> _WHAT THIS TASK INVOLVES_:
Give back every record below in full and exactly, but without a single image.

'''

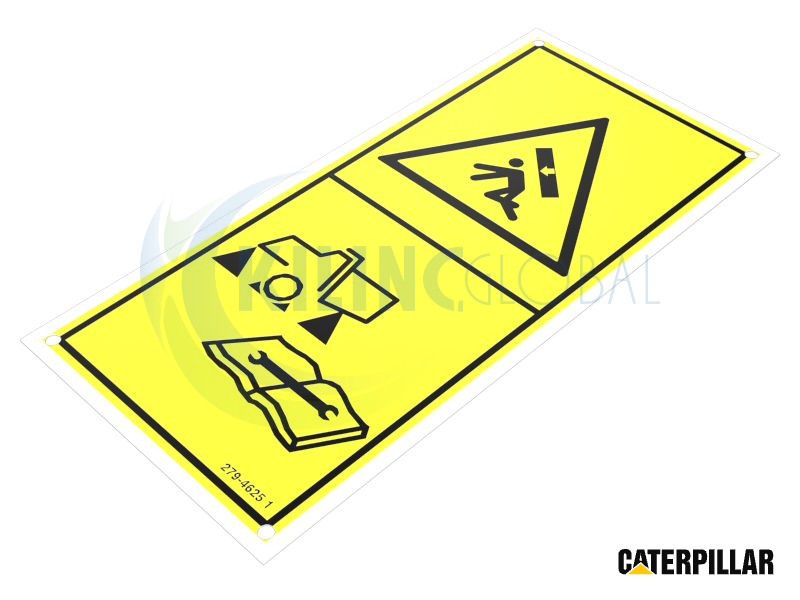 170MM LARGO WARNING PLACA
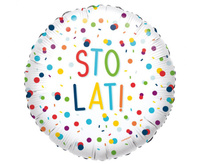 #BFK Balon foliowy 18" CIR - Sto lat!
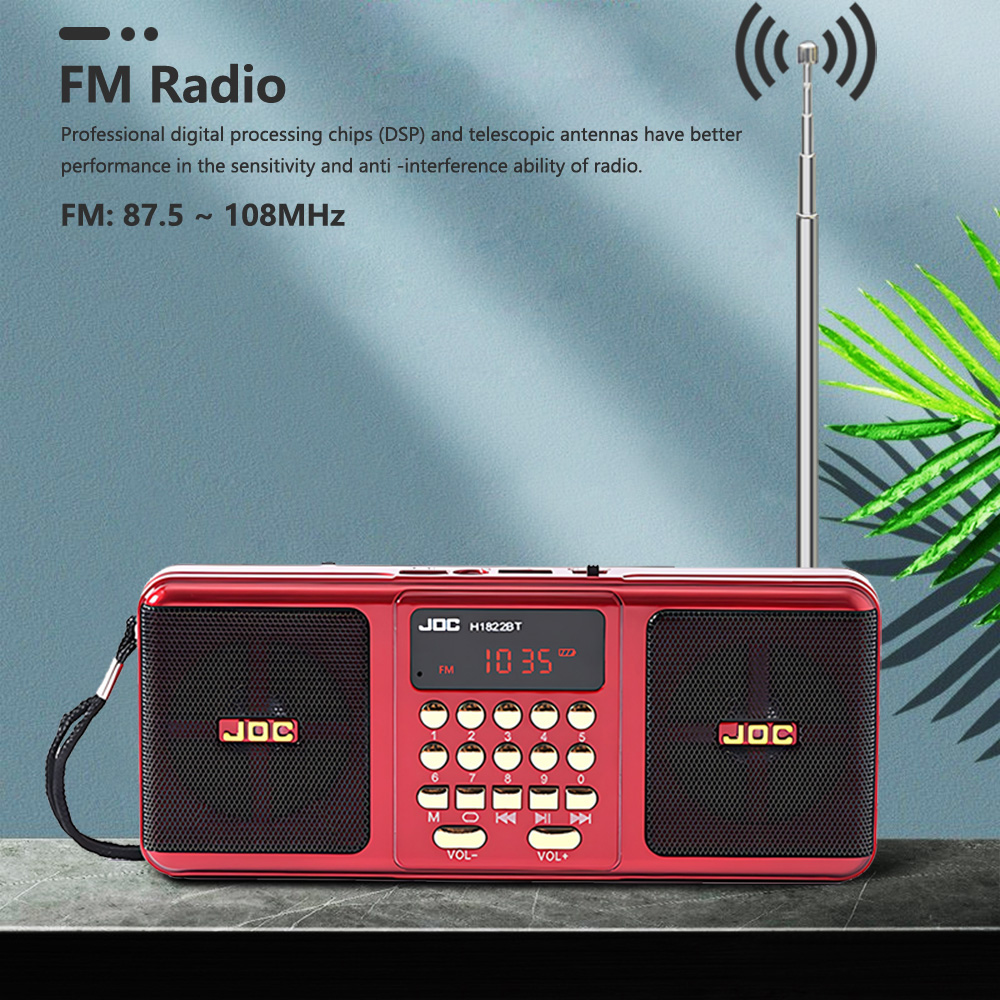 Portable Stereo FM Radio Wirel - Emergency Radio Solar ulasan dan harga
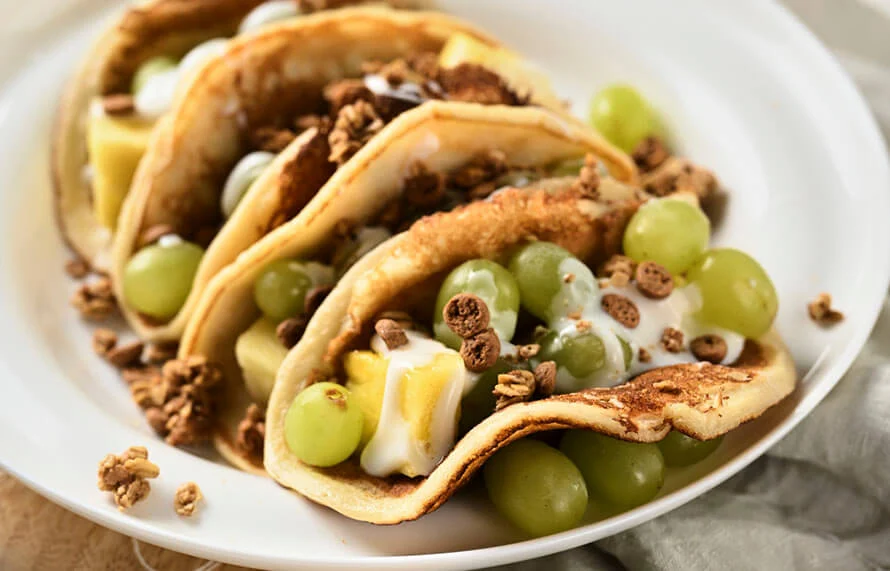 Pannenkoeken recept met yoghurt & fruit 5 luchtige pannenkoeken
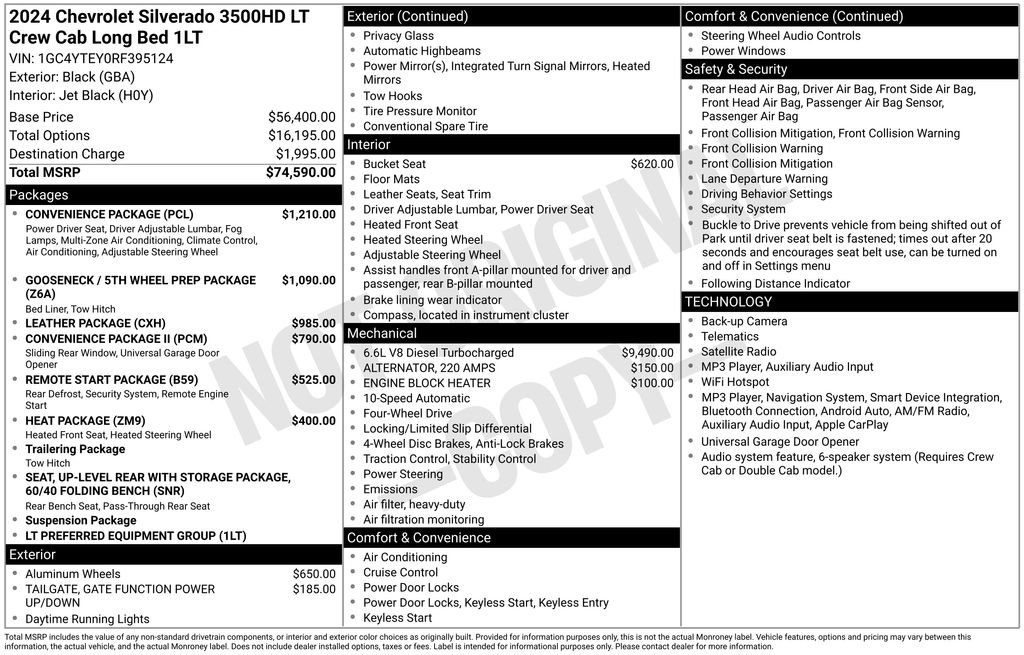 Used 2024 Chevrolet Silverado 3500 LT w/ Convenience Package AWD/4WD image 2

'''

> _WORKED SOLUTION_:
 170MM LARGO WARNING PLACA
 #BFK Balon foliowy 18" CIR - Sto lat!
 Portable Stereo FM Radio Wirel - Emergency Radio Solar ulasan dan harga
 Pannenkoeken recept met yoghurt & fruit 5 luchtige pannenkoeken
 Used 2024 Chevrolet Silverado 3500 LT w/ Convenience Package AWD/4WD image 2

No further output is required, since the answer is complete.